* Task requirements: Pictures are to be left out. Return exactly the lines below from the one with "A rainbow heart" up to and including the one with "Chuột Không Dây".

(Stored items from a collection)
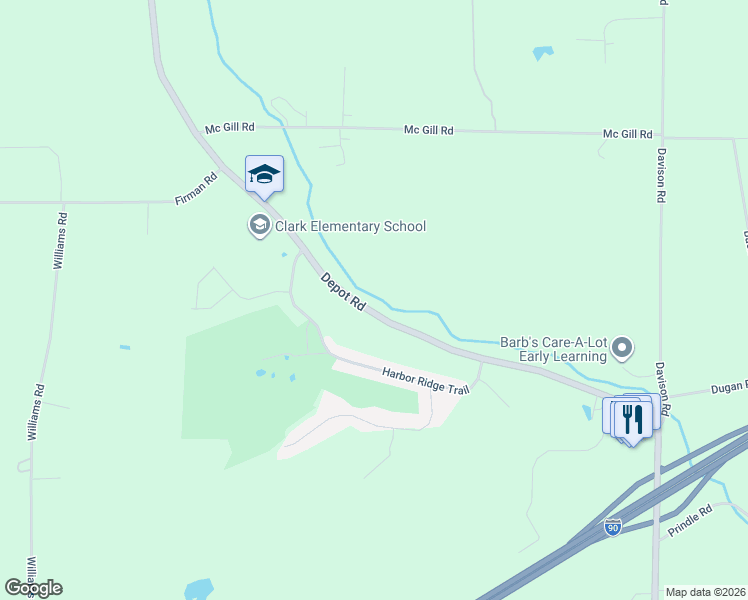 map of restaurants, bars, coffee shops, grocery stores, and more near 3801 Depot Rd in Erie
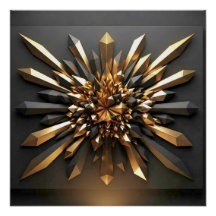 Or Luxueux et Cristal Foncé Géométrique 3D Glos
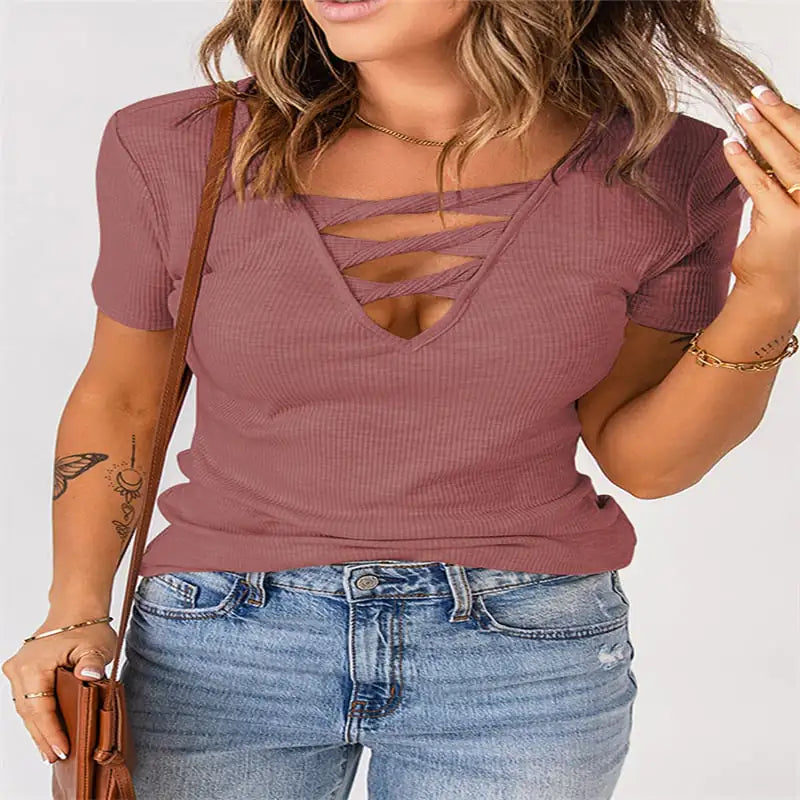 European American Women's Plus Size V-neck Pullover Top
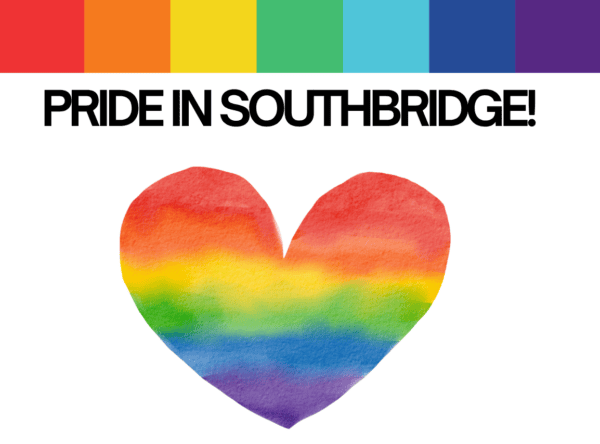 A rainbow heart beneath the text PRIDE IN SOUTHBRIDGE! with horizontal rainbow-colored bars at the top of the image.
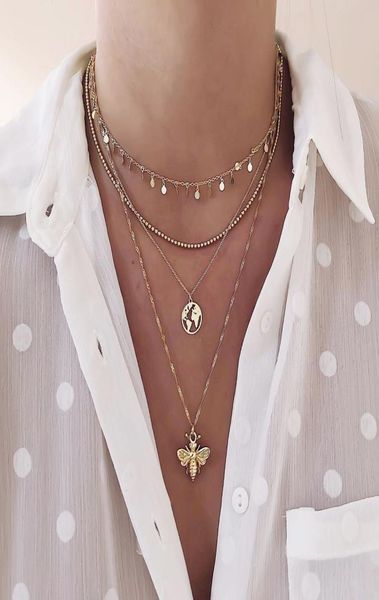 

wafer map bee coin pendant multilayer necklace for womens gold 9218525, Silver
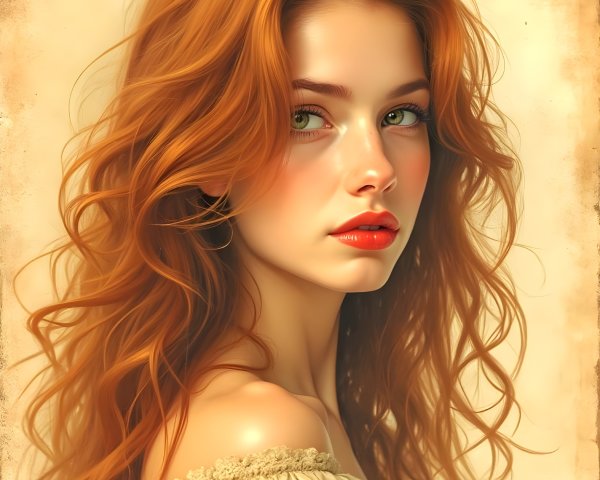 Close-Up Portrait of a Young Woman with Green Eyes
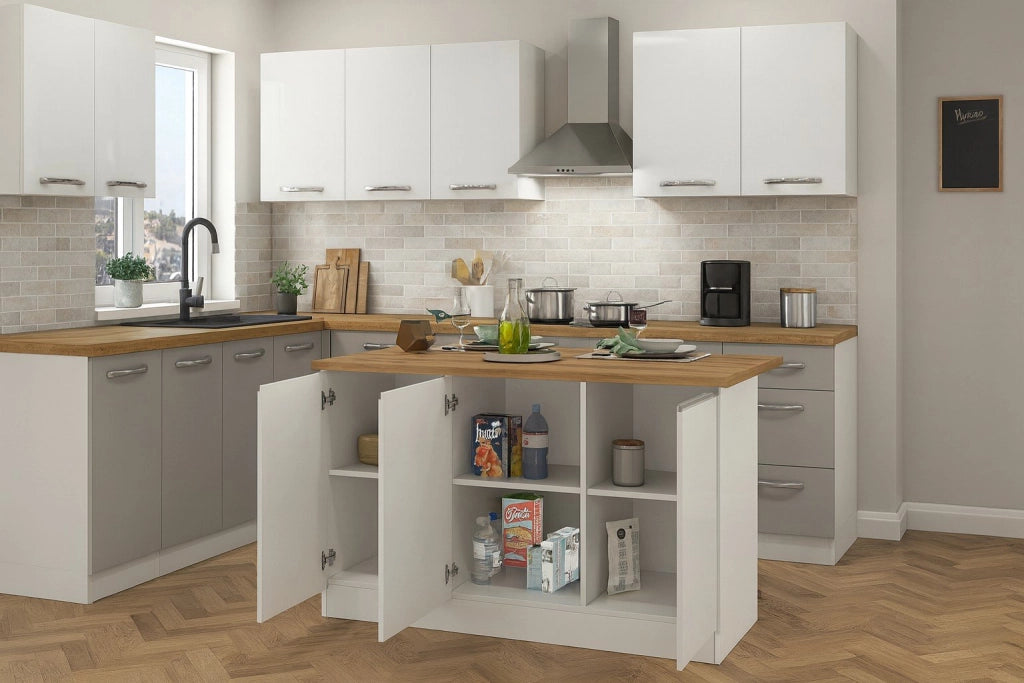 Isola da cucina Tartaro, Tavolo ausiliario portaoggetti, Mobile da cucina a 3 ante, 100% Made in Italy, 155x90h90 cm, Bianco lucido e Rovere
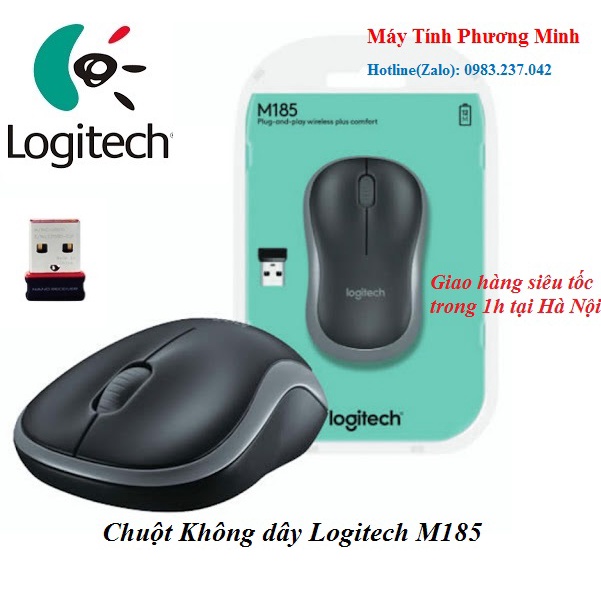 Chuột Không Dây Logitech M185 - Bảo hành 1 năm lỗi đổi mới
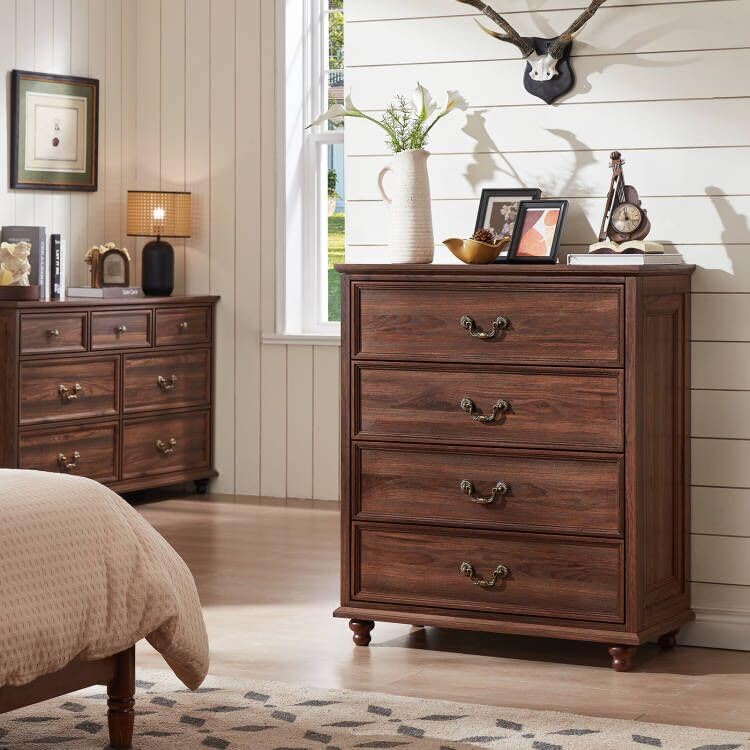 Farmhouse 4 Drawer Dresser for Bedroom, 37" Tall Rustic Chests of Drawers w/ 4 Solid Wood Feet, Mid Century Modern Wooden Closet Storage Dressers Organizer for Living Room, Hallway, Brown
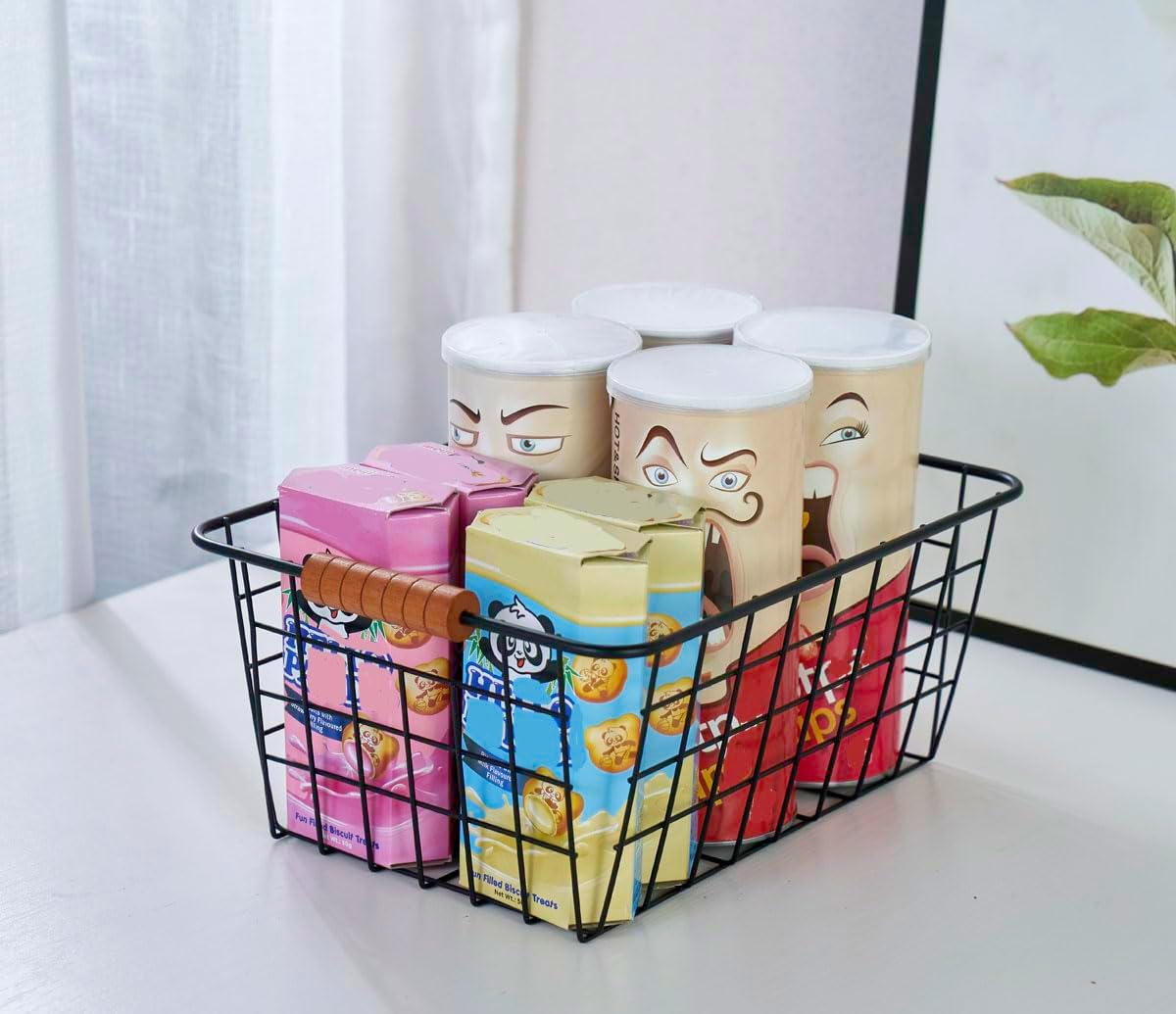 Wire Kitchen Storage Basket 4 Packs,Perfect Pantry Organization Accessories Baskets,Laundry Basket,With a Wooden handle,Suitable for Kitchen,Bathroom,Bedroom,Tabletop,Stackable,Black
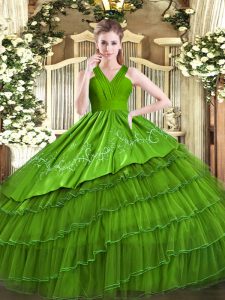 Floor Length Ball Gowns Sleeveless Olive Green Quinceanera Dresses Zipper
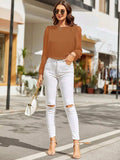 Round Neck Balloon Sleeve Blouse - Trendsi - Flyclothing LLC
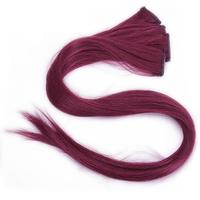 5 Pcs Colored Clip-on In Hair Extensions Straight Wigs Hairpieces 23.6 Inch Long - Claret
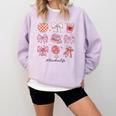 Valentine Teacher Cute Bows Apple Globe Pencil Books Art Comfort Colors Sweatshirt Crimson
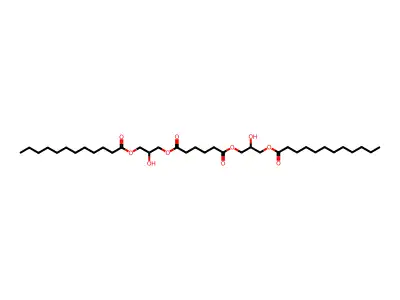 Bis(3-dodecanoyloxy-2-hydroxypropyl) hexanedioate structure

* Finished task:
 A rainbow heart beneath the text PRIDE IN SOUTHBRIDGE! with horizontal rainbow-colored bars at the top of the image.

wafer map bee coin pendant multilayer necklace for womens gold 9218525, Silver
 Close-Up Portrait of a Young Woman with Green Eyes
 Isola da cucina Tartaro, Tavolo ausiliario portaoggetti, Mobile da cucina a 3 ante, 100% Made in Italy, 155x90h90 cm, Bianco lucido e Rovere
 Chuột Không Dây Logitech M185 - Bảo hành 1 năm lỗi đổi mới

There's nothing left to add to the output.